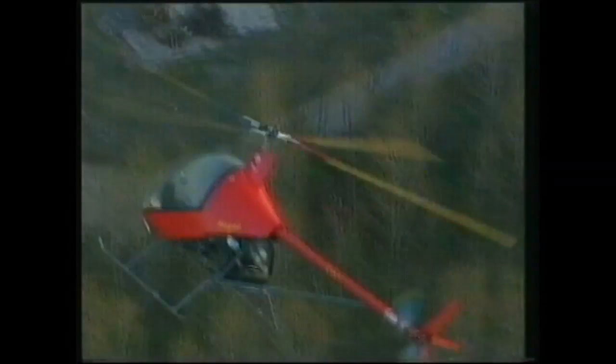And most importantly, the computer keeps close tabs on the helicopter's maintenance program. If the 50-hour check-up limit is ignored, there will only be another 5 hours of flying time before the electronics intercede to prevent anyone from starting up the engine.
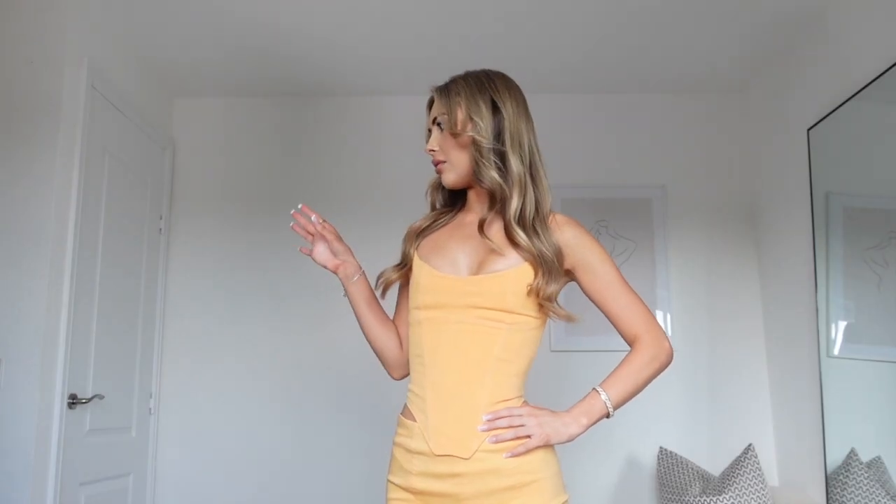If you haven't got a Halloween outfit, you could wear this with a pair of black devil horns or a green scarf and call yourself a pumpkin! I literally love it, it's so nice. It would also look so gorgeous on holiday at sunset for a dinner vibe.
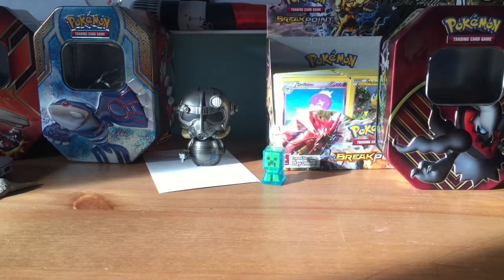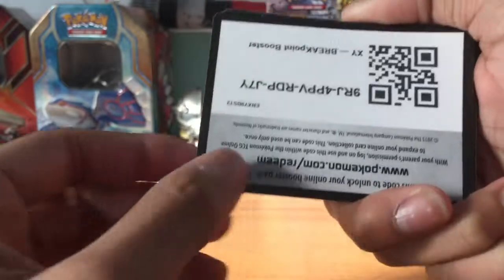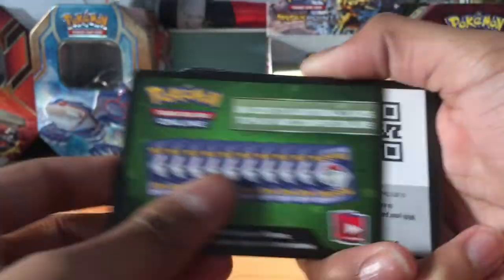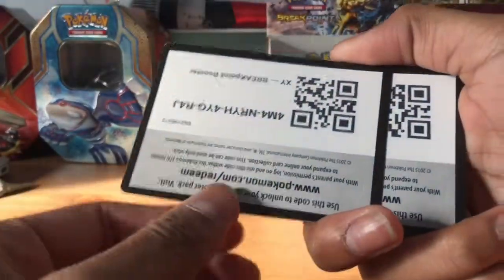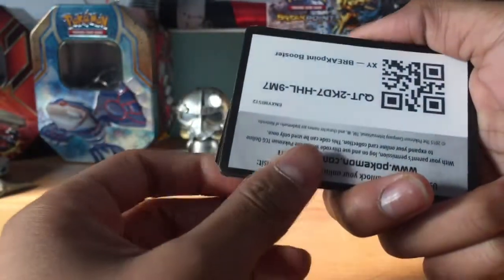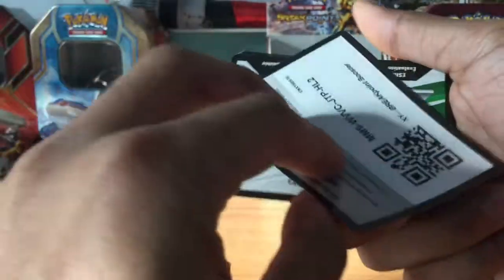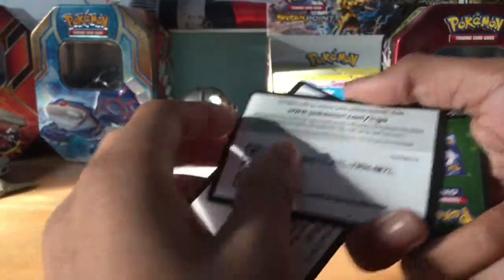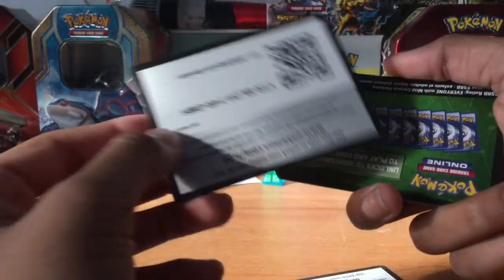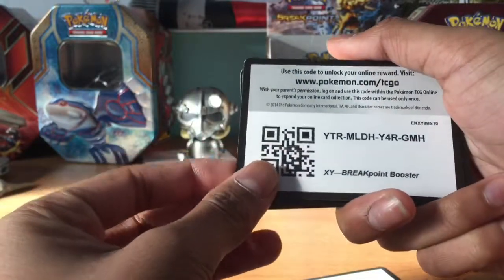Let's begin. Please don't take more than one code — please tell me what you are getting. The first one here is a Breakpoint code. A lot of these are from Breakpoint because of the booster box I just opened. Please only take one code. There's also a Rolling Skies code in here. Tell me if you guys are getting any secret rares — I really wanted one from the booster box but I did not get it.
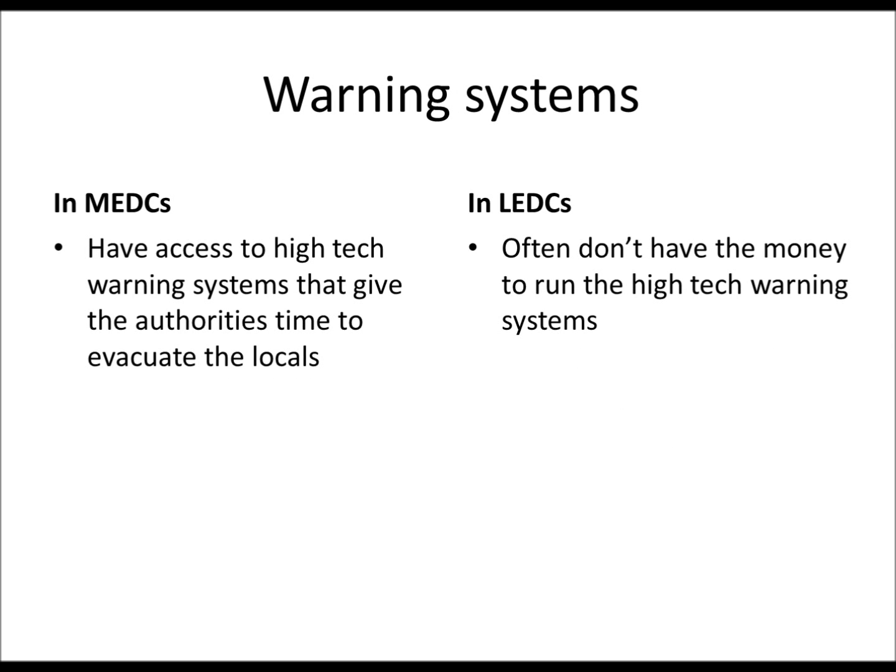And again, warning systems. MEDCs have high-tech warning systems, whereas LEDCs don't have the money to afford these high-tech warning systems, so they're at a disadvantage because they don't know when the eruption's going to happen.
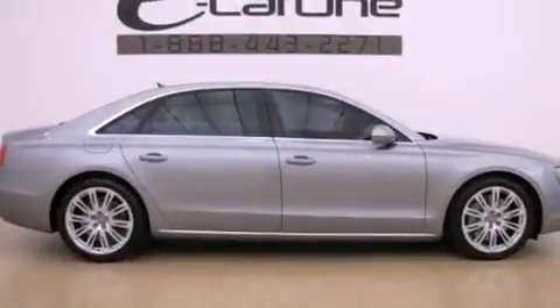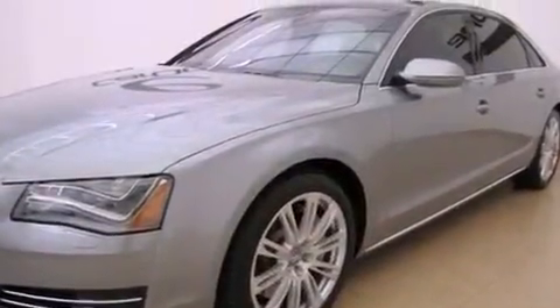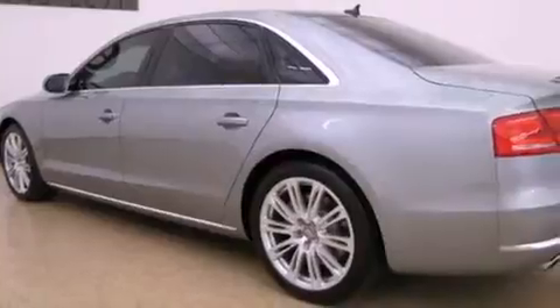Its top features and packages include the premium package, an air suspension, a locking differential, a navigation system, keyless go, a sunroof, heated front seats, a low tire pressure indicator, heated windshield washer fluid, alloy wheels, and traction control and stability control systems.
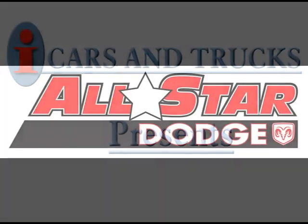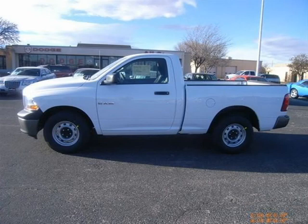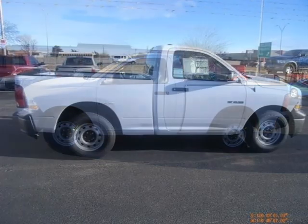This 2010 Dodge Ram 1500 truck is located in Amarillo and has zero miles on it. This truck has a beautiful bright white exterior paint color.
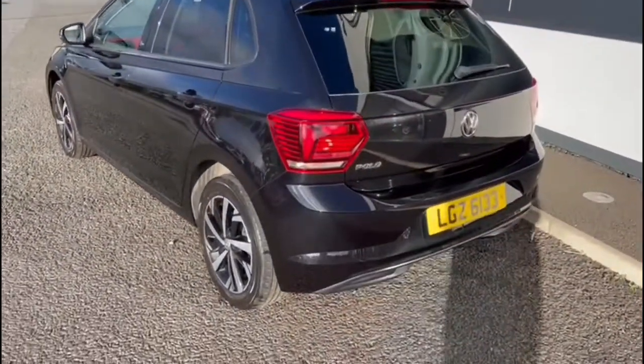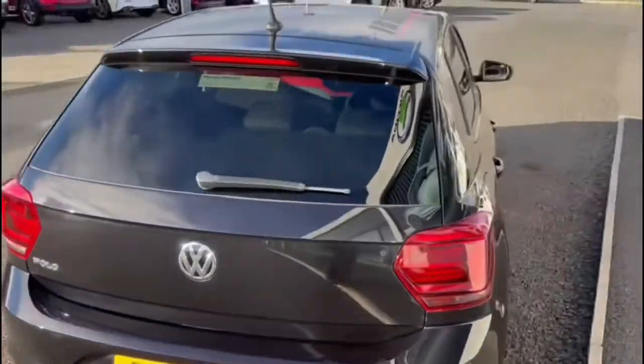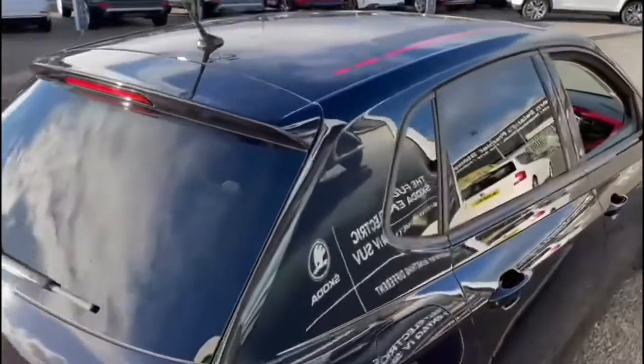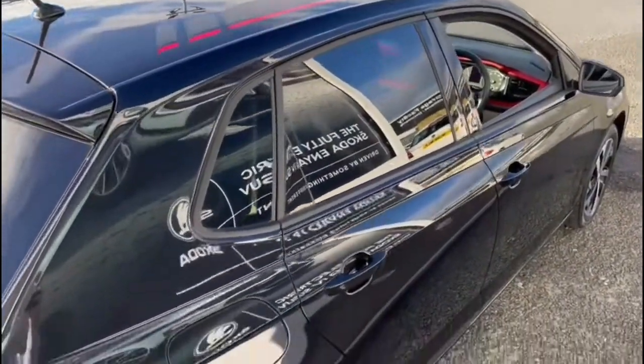You get your 16-inch Democot alloys as standard, rear privacy glass, and there are special decals on the roof and on the bonnet.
#####
What the exercise asks: Would you write out exactly the lines of the data from the one holding "This 2010 Dodge" to the final line, both included, with pictures left out?

Answer space:
This 2010 Dodge Ram 1500 truck is located in Amarillo and has zero miles on it. This truck has a beautiful bright white exterior paint color.
You get your 16-inch Democot alloys as standard, rear privacy glass, and there are special decals on the roof and on the bonnet.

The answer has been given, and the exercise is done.